ABD'li işverenin işçi çıkartmalarından vazgeçmelerini istediğini belirten Murat Aktaş ise “Daha bugün izlediğim bir haberde Türkiye'deki işsizlik sayısının milyonlarca kişiye ulaştığı söyleniyor. Bu hiç iyi bir şey değil. Arkadaşlarımız, gençlerimizin çoğu çok huzursuz ve birçok arkadaşımız aile geçindiriyor. Bunun sonuçlarının çok ağır olacağını düşünüyoruz. İşverenin bir anda, ‘424 kişiyi çıkartmak istiyorum’ demesi bize göre anlamsız. Şu anki işimizde herhangi bir düşme yok ve aynı potansiyelde çalışıyoruz. Huzursuzuz, mutsuzuz ve işverenin neden böyle bir şey yaptığını bilmiyoruz? Bu durumun sonlandırılmasını, bir neticeye bağlanmasını ve hiç kimsenin burnunun kanamasını istemiyoruz. Şu an işsizlik had safhada ve bırakın mesleği olmayan gençlerin iş bulmasını, ülkemizde üniversite mezunu olanlar bile işe bulamazken, mesleği olanların bile çok zor iş bulacağı bir durumdayız. Ben aşçıyım, şu anda benim gibi aşçı olarak çalışan arkadaşlarımın işsiz olduğunu biliyorum. Evet, bu ülkede sadece biz yaşamıyoruz ama yetkililerin işsizliğin önüne geçmeleri, şirketin yapmış olduğu bu anlamsız çıkışa ‘dur’ demelerini istiyoruz. Cumhurbaşkanımız başta olmak üzere iktidar ve muhalefetin yani herkesin yanımızda olmasını, bizi desteklemesini istiyoruz. İşlerimizde herhangi bir düşme yoktur, işimiz aynı şekilde devam ediyor. Ama anlamsız bir şekilde çıkış talebinde bulunuyorlar. Bu işten çıkartmaların önüne geçilmesini istiyoruz.” şeklinde konuştu.
“İşverenin bu karardan vazgeçmesini istiyoruz”
5 yıldır İncirlik Hava Üssü’nde metal atölyesinde çalıştığını belirten Nusret Kara da “Biz bu işe girerken bazı prosedürlerden geçerek girdik ve 5 yıl içerisinde kendimize bir düzen kurduk. Kurduğumuz düzen içerisinde planlarımız oldu. Bu işimize güvenerek yaptığımız borçlar ve kurduğumuz hayaller oldu. 5 senedir özverili bir şekilde çalışıyoruz. İşimize ve gücümüze dört elle sarılmış bir şekilde çalışıyoruz. Yasal olmayan bir şekilde 424 arkadaşımızın çıkışının verileceği söylendi.
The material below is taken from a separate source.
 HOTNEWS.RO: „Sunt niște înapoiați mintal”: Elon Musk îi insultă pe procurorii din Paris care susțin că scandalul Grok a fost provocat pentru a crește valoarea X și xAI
Hepimiz huzursuz olmaktayız, bu durumdan rahatsızız. Benimle beraber ailem de ve bu 424 kişinin ailesi de rahatsız. 424 kişinin ailesini hesapladığımızda bin 500 kişinin istihdamının elinden alınması demektir. Bu durumdan rahatsızız. Yetkililerden bu mağduriyetin giderilmesi için ellerinden en geleni yapmasını istiyoruz. Bu işçi kıyımının önüne geçilmesini istiyoruz. İşverenin de bu karardan vazgeçmesini istiyoruz.” diye konuştu.